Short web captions
○ ○ ○
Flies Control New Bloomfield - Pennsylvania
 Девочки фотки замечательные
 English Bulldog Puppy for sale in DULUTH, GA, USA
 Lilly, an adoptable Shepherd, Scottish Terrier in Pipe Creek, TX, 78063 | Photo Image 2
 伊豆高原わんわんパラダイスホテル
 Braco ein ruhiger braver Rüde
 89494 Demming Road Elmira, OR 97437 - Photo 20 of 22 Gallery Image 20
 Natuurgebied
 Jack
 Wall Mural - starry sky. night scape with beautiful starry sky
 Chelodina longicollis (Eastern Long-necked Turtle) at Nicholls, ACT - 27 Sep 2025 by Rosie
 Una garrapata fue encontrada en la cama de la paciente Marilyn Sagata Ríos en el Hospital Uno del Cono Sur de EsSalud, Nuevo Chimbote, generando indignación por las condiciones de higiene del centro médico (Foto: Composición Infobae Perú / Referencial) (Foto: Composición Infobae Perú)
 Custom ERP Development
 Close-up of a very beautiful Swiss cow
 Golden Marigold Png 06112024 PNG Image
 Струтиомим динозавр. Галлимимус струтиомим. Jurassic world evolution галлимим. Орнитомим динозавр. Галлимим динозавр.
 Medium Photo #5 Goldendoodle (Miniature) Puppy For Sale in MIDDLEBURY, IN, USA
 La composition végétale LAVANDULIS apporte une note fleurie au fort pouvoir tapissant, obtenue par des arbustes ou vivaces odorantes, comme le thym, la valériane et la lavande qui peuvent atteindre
○ ○ ○
Output, please, only the lines running from the start of the entries through the line that contains "Chelodina longicollis (Eastern", including both of those lines.

Flies Control New Bloomfield - Pennsylvania
 Девочки фотки замечательные
 English Bulldog Puppy for sale in DULUTH, GA, USA
 Lilly, an adoptable Shepherd, Scottish Terrier in Pipe Creek, TX, 78063 | Photo Image 2
 伊豆高原わんわんパラダイスホテル
 Braco ein ruhiger braver Rüde
 89494 Demming Road Elmira, OR 97437 - Photo 20 of 22 Gallery Image 20
 Natuurgebied
 Jack
 Wall Mural - starry sky. night scape with beautiful starry sky
 Chelodina longicollis (Eastern Long-necked Turtle) at Nicholls, ACT - 27 Sep 2025 by Rosie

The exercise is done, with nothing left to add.